Pour bon nombre d’entre nous, l’approche de la deadline représente aussi un puissant moteur, parfois accompagné d’une poussée d’adrénaline, qui fait l’effet d’un booster. C’est vivre chaque fois un nouveau défi, qui nous pousse à nous dépasser, en un temps record. Et c’est aussi la satisfaction d’avoir concentré son effort et son énergie dans un projet ou une action, dans un temps optimal, avec un sentiment de plus grande maîtrise. 

Cette action de dernière minute réalisée sous contrainte forte – liée au délai court – provoque une poussée de stress positif qui prend la forme d’une forte excitation. Elle agit comme une force intérieure qui permet d’abattre en un temps record un travail qu’on n’aurait pas réalisé sans cette tension finalement « salutaire ». 

La richesse des complémentarités

Qu’on s’entende bien. Il ne s’agit pas ici de faire l’apologie du « dernier moment », quelle que soit sa forme. Il s’agit surtout de décrire une réalité que certains connaissent et expérimentent de manière plus ou moins heureuse, ou de façon plus ou moins assumée

En face, d’autres préfèrent anticiper et planifier, en laissant peu de place à l’inattendu ou à l’adaptation. 
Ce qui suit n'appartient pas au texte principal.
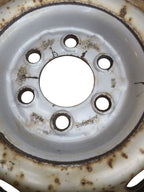 Wheel 16x6-1/2 Steel 18 Hole Fits 10-26 MERCEDES SPRINTER 2500 673615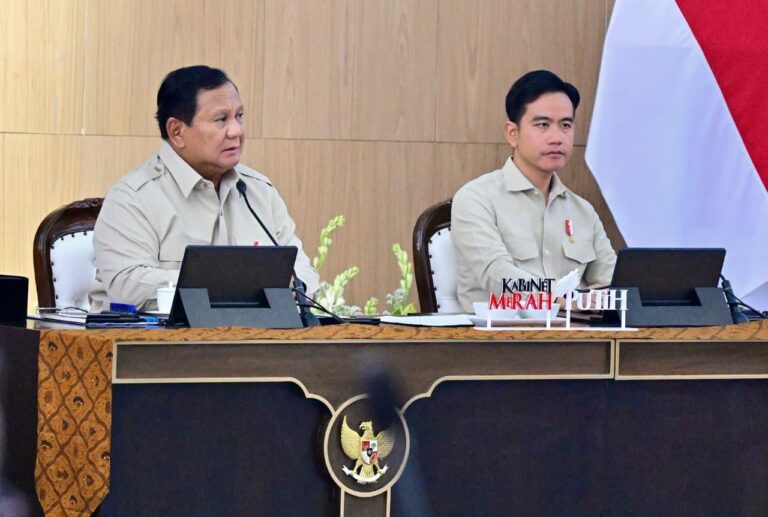 Presiden Prabowo Subianto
Comme souvent, dans de nombreuses situations, c’est la richesse des approches et la complémentarité des profils qui permettent d’aller plus loin. 
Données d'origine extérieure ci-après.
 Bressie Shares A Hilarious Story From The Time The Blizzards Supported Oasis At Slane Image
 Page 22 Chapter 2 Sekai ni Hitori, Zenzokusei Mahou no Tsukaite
Cela suppose d’avoir une tolérance pour la diversité et plus particulièrement pour les individus dits « originaux », qui font certainement preuve de peu d’anticipation, mais compensent par une créativité et une efficacité hors norme. 

Patrice Casenave, Cofondatrice de Orhigin
Découvrez ma contribution dans Le temps dans tous ses états, ouvrage collectif du Cercle du Leadership, réalisé sous la direction de Raphaëlle Laubie, préfacé par Joël de Rosnay, et postfacé par Elisabeth Moreno.


[1] A. Grant, Originals: How Non-Conformists Move the World, W.H. Allen, 2016.

[2] Lien vers l’article du Business Insider, Steve Jobs était un immense procrastinateur et il en a fait un moteur de réussite.

[3] Ibid.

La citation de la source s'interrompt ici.